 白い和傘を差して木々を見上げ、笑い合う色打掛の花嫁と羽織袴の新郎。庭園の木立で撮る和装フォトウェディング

--

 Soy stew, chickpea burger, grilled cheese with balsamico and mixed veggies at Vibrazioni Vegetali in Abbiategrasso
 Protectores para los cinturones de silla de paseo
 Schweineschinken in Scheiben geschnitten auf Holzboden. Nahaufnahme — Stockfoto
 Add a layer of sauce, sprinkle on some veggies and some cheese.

Assignment: Print exactly the lines above from the one with "Soy stew, chickpea" to the one with "Add a layer", including both.

Reply:
 Soy stew, chickpea burger, grilled cheese with balsamico and mixed veggies at Vibrazioni Vegetali in Abbiategrasso
 Protectores para los cinturones de silla de paseo
 Schweineschinken in Scheiben geschnitten auf Holzboden. Nahaufnahme — Stockfoto
 Add a layer of sauce, sprinkle on some veggies and some cheese.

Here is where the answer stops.